Buck does that thing where his shoulders come up and his bottom lip pouts out to tease Eddie, “It wasn’t but now I think it would be funny to see you try.”
His husband grins at him, all teeth and sparkling eyes. Eddie is being teased but he’s enjoying the camaraderie too much to do anything but rise to the bait.
Eddie huffs as he unlocks the door, “It’s my house and if I wanna carry you over the threshold I damn well will.” Eddie is already calculating exactly how to pick his giant of a best friend up. A fireman’s carry would be easy, but it also feels a little like cheating.
“You know I don’t mean in a fireman’s carry right,” Buck reads his mind, “That’s totally cheating.”
Eddie will never let Buck know he’d just been thinking the exact same thing. He’d get all smug about reading Eddie’s mind and Eddie would have to knock him down a peg.
“I. Can. Pick. You. Up.”
“Alright, let’s see you try.” The cocky grin is getting bigger. Eddie wants to wipe the look off his face. He wants to smooth his hand over Buck’s lips until they form a different shape. The memory of Buck’s lips brushing his own comes unbidden. Out of place in this moment of time.
Eddie mentally shakes the memory off. His pride is on the line and he doesn’t intend to lose this contest.
“Get over here,” Eddie makes a grab for Buck. Buck lets himself be grabbed, laughing freely. From the doorway, Christopher looks back at them with an expression that says he finds them ridiculous. Eddie squints at him until Chris rolls his eyes and continues his way inside.
Son safely in the house, Eddie tries to get a grip on Buck. He swings around to grab Buck under the knees. If Eddie can pull off a real bridal carry, he’ll have gloating rights until the end of time. He might as well try.
Buck, the kind soul that he is, does not ragdoll to make it harder for Eddie. Instead, he gamely throws an arm around Eddie’s shoulders as Eddie hauls him up into that bridal carry.
It’s not easy, but Eddie has spent all summer working his feelings out at the gym. Buck has actually been the harbinger of his own doom here by helping Eddie get into weightlifting. He can’t bench what Buck and his ridiculous arms can do, but he can lift Buck.
Carrying Buck to the front steps feels good. In his arms, Buck has gone quiet, gaping a little in Eddie’s peripherals. Eddie can’t speak, he would do little more than grunt if he tried, so the silence charges itself with electricity. As Eddie maneuvers them through the doorway, he can see Buck’s face going red.
Shows him to challenge Eddie.
Just to show off, Eddie takes Buck all the way to the couch before he plops him down. Buck bounces a little and the impact knocks a breathy laughter out of him. Eddie is trying his best not to show how out of breath he is.

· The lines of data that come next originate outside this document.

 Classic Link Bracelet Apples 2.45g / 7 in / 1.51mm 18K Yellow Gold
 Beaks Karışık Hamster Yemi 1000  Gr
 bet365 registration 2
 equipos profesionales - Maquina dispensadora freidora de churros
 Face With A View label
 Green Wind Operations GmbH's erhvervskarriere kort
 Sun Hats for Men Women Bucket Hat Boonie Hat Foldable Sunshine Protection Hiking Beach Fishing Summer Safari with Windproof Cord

Instead, he makes sure to peacock a little, flexing his arms to show off.
From the hallway, Chris calls out, “Are you guys done, yet?”
Eddie spins, but he’s a little too nervous to call the teenager out on his tone so he opts for, “Want help unpacking? It can be our first family activity.”

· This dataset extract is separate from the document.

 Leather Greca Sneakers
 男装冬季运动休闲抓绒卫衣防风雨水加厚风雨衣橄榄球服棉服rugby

Buck shoots up from the couch, leaning in over Eddie’s shoulder to shoot Chris his best puppy dog eyes.
Chris is still drowsy, but he looks serious as he answers, “okay, but we gotta be fast. I’m tired!”
Eddie grins right up through being graciously allowed to tuck his unusually unprotesting teen into bed. He hasn’t smiled this much in months. Here with his kid and his husband, Eddie finally feels like he can figure the rest of his life out.
--
Their final hurdle of the day, if it can really be called that, is when Buck starts digging in the linen closet for sheets to set up the couch.

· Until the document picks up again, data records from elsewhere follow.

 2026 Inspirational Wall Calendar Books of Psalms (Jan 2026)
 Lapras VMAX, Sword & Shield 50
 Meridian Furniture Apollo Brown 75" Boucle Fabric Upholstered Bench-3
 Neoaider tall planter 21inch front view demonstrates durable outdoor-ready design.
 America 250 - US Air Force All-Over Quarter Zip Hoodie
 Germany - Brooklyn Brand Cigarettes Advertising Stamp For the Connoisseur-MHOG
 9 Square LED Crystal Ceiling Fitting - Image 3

“Buck,” he aims for stern and Eddie’s pretty sure he nails it by the responding look on Buck’s face, “we are literally married now. I think we can share a bed, instead of sticking you on the couch.”
Buck’s face goes red, surprisingly bashful for a guy who has so little shame.
“I- uh- I didn’t think it-,” Buck stutters out, the way he once told Eddie means his brain is going too fast and too slow at the same time, “it would- uh- well, if you don’t mind-“
“I don’t mind, Buck,” Eddie doesn’t hold himself back, best not to shy away now. He bumps his arm into Buck’s side and lets himself stay there.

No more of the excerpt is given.